Please reproduce all of the data below exactly, leaving each picture out.

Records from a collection
════════
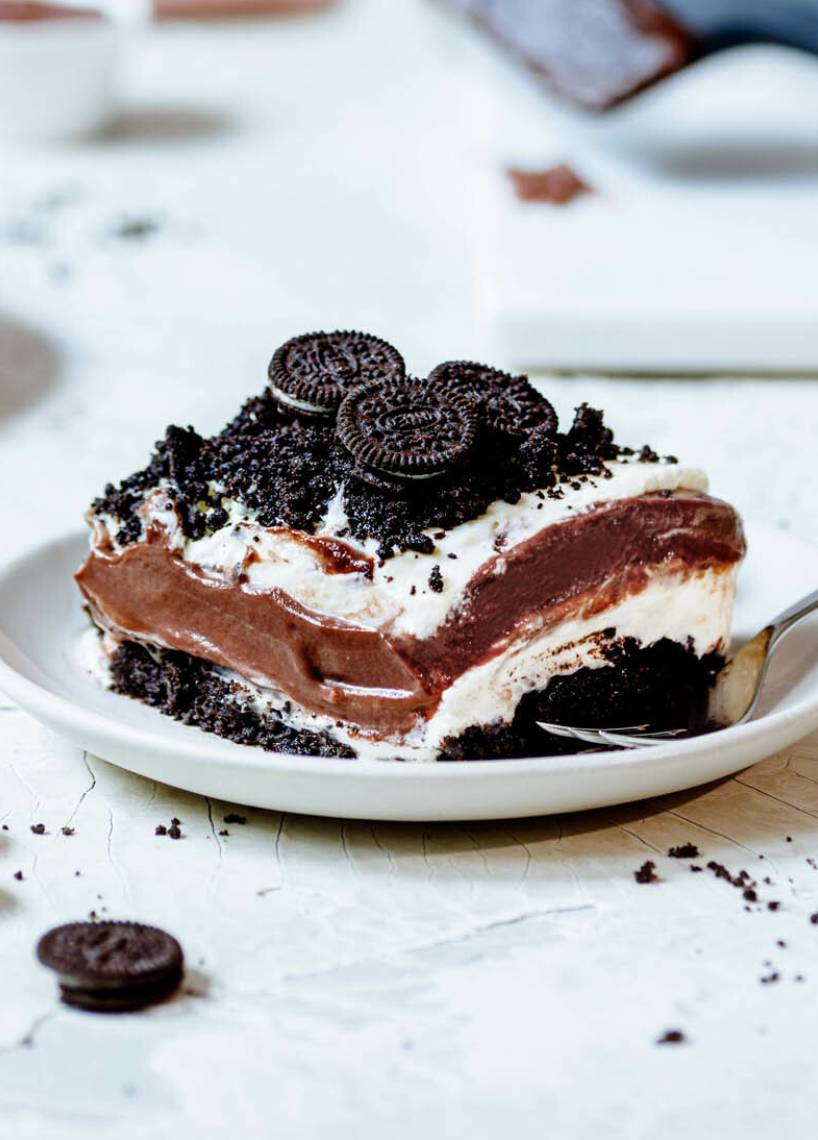 Schoko-Lasagne mit Oreos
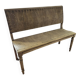 Banquette bistrot en bois , 120cms de long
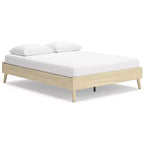 Letto Matrimoniale Queen con Testiera Imbottita – Marrone Chiaro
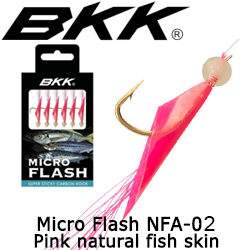 BKK Micro Flash NFA-02 (Pink natural fish skin + Green resin) Оснастка сабик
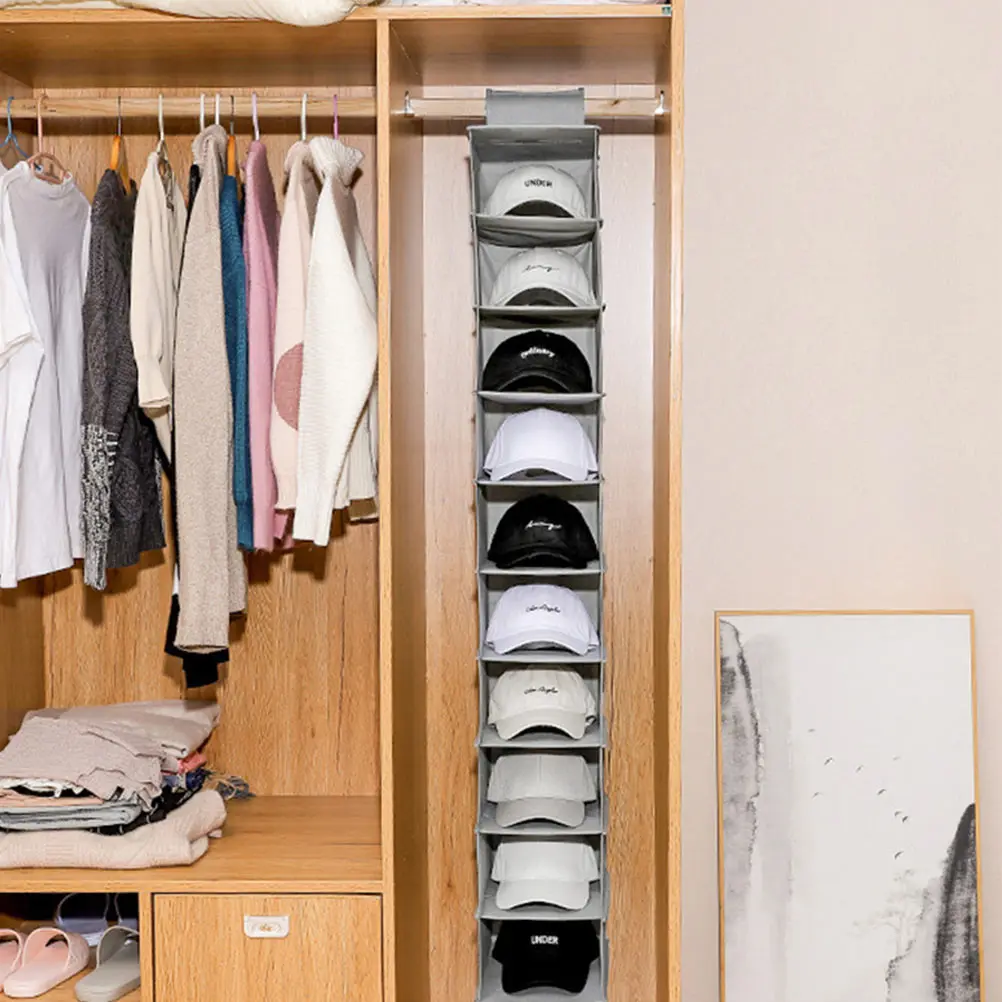 

Hat Storage Bag Thick Non Woven Fabric Dustproof Water Resistant Reusable Wardrobe ganizer Hanging Pouch Storage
════════
[Result for this task]
 Schoko-Lasagne mit Oreos
 Banquette bistrot en bois , 120cms de long
 Letto Matrimoniale Queen con Testiera Imbottita – Marrone Chiaro
 BKK Micro Flash NFA-02 (Pink natural fish skin + Green resin) Оснастка сабик

Hat Storage Bag Thick Non Woven Fabric Dustproof Water Resistant Reusable Wardrobe ganizer Hanging Pouch Storage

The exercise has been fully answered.